How are companies implementing collaborative approaches to accelerate antibody discovery and optimization?

Strategic collaborations are increasingly important in advancing antibody discovery and optimization:

• Complementary expertise integration: Combining different technological strengths and capabilities

• Platform technology sharing: Accessing specialized technologies through partnerships

• Data integration: Leveraging diverse datasets to improve predictive capabilities

• Multi-disciplinary teams: Bringing together experts in different aspects of antibody research

The collaboration between Ymmunobio AG and YUMAB GmbH exemplifies this approach. Ymmunobio, "a preclinical stage biotech company specializing in the development of CEACAM antibodies as anti-cancer treatments," partnered with YUMAB to "complement its antibody development by utilizing YUMAB's expertise and platform for optimizing its antibodies" .

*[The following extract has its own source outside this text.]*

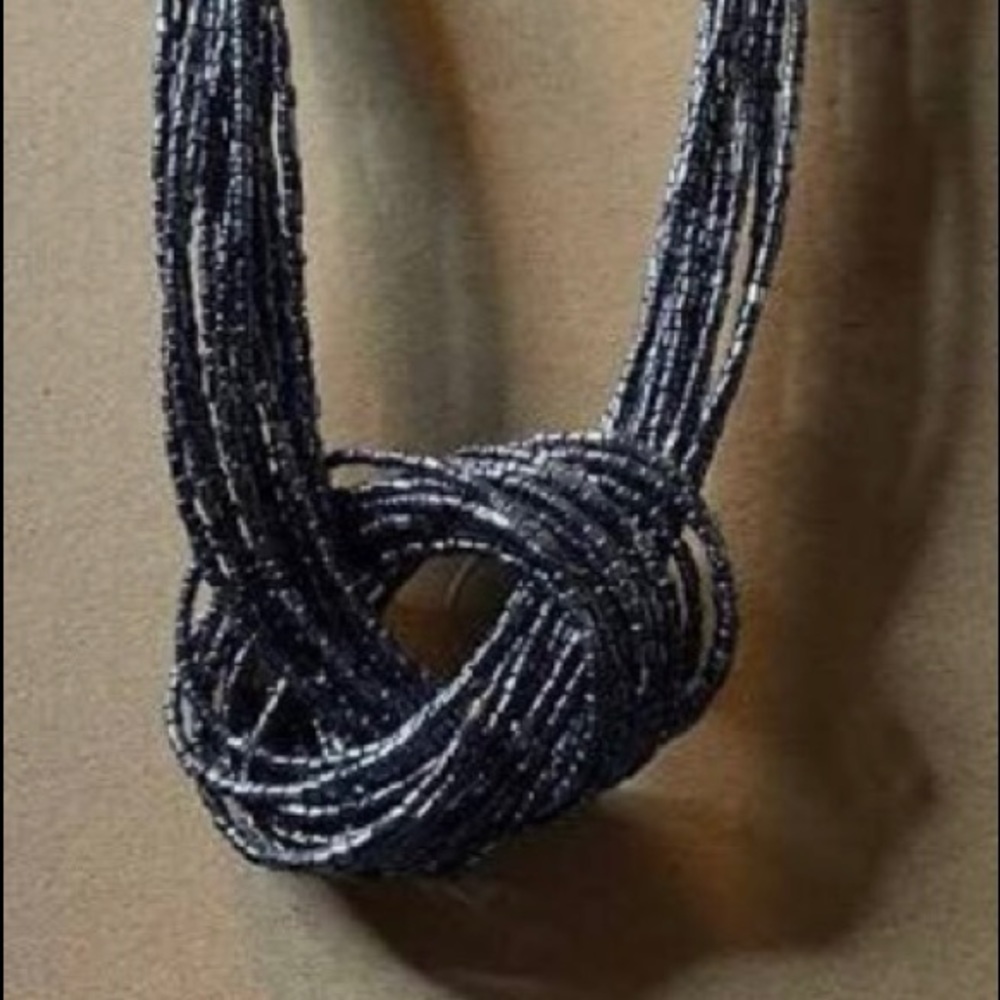 Sea beads necklace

Similarly, YUMAB and MOLCURE's collaboration combines "MOLCURE's decade of experience in AI-design of antibodies" with "YUMAB's thirty years of technical excellence in antibody discovery, engineering and manufacturing" to advance "zero-shot AI technology for antibody discovery" targeting challenging protein classes like GPCRs and ion channels .

These collaborative approaches accelerate innovation by combining complementary strengths and resources to address complex challenges in antibody discovery and optimization.